Czego Hiob może nauczyć nas, ludzi XXI wieku? Dysponujemy lekami nowej generacji, środkami uśmierzającymi ból psychiczny, niezliczoną ilością rozrywek pozwalających zagłuszyć ból sumienia, pozwalających świetnie się bawić. Możemy uciekać w wirtualny świat Internetu, gier komputerowych. Mają potrzebne środki, możemy podróżować bez ograniczeń. No i przede wszystkim NIE CHCEMY CIERPIEĆ. Bronimy się przed cierpieniem na wszelkie możliwe sposoby. Zażywamy tabletki przeciwbólowe, bronimy się przed trudnymi, niekomfortowymi dla nas sytuacjami, nie chcemy widzieć ludzi cierpiących. Cierpiących bliskich oddajemy do szpitala, do domu starców, do hospicjów, w których pacjentów wciąż przybywa. A o sobie myślimy: "Mnie to na pewno nie spotka", "Mnie to nigdy nie będzie dotyczyć".
Hiob uczy nas wciąż aktualnej prawdy: nie da się uciec przed cierpieniem i nie trzeba przed nim uciekać. Cierpienie jest potrzebne, ma głęboki sens. Cierpienie pozwala lepiej zrozumieć świat i innych ludzi, zobaczyć wszystko z innej perspektywy. Być może cierpienie pozwala zbudować właściwy kanon wartości, dowiedzieć się, co jest w życiu naprawdę ważne, a co nie?

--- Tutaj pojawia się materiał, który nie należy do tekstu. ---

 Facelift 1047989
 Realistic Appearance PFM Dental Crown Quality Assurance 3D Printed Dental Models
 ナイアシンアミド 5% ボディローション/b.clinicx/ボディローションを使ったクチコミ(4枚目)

Tego właśnie moim zdaniem uczy nas historia Hioba. A kim był on sam? Był to człowiek, którego los zaczął być zależny od zakładu Boga i szatana. Szatan zarzucił Bogu, że Hiob kocha Go i czci dlatego, że opływa w dostatek. Kiedy stanie się człowiekiem ubogim, z pewnością przeklnie swego Stwórcę. Tak się jednak nie stało. Hiob pozostał wierny Bogu. Wtedy szatan szepnął: "Odbierz mu zdrowie, to wszystko, co posiada". Bóg zesłał na Hioba straszliwą w jego czasach chorobę - trąd. Chorych wówczas izolowano, żyli w nędzy i bardzo cierpieli - ich ciało ulegało rozkładowi za życia. Ale Hiob nawet wtedy nie wyrzekł się swojej wiary. Głęboko wierzył, że wszystko, co się dzieje ma sens. I nie mylił się - sensem jego cierpienia było dowiedzenie potęgi człowieka, który kocha Boga i jest przez Niego kochany.

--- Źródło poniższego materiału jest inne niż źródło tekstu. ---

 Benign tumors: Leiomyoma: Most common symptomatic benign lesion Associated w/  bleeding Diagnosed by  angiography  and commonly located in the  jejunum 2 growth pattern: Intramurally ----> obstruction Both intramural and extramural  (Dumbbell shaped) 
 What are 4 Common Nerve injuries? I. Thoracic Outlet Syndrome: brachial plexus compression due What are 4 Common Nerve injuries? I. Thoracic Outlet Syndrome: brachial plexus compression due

Czego jeszcze uczy historia Hioba współczesnego człowieka? Myślę, że wrażliwości na cierpienie. My chcemy się bawić, żyć beztrosko, być wiecznie młodymi i pięknymi. Ale tak się na dłuższą metę nie da. Co więcej, żyjemy obok ludzi, którzy cierpią dziś, teraz, i potrzebują naszej pomocy. Trzeba umieć to zobaczyć, trzeba wypracować w sobie wrażliwość na cudze cierpienie oraz gotowość pomocy. Dzięki temu stajemy się ludźmi w pełnym wymiarze tego słowa.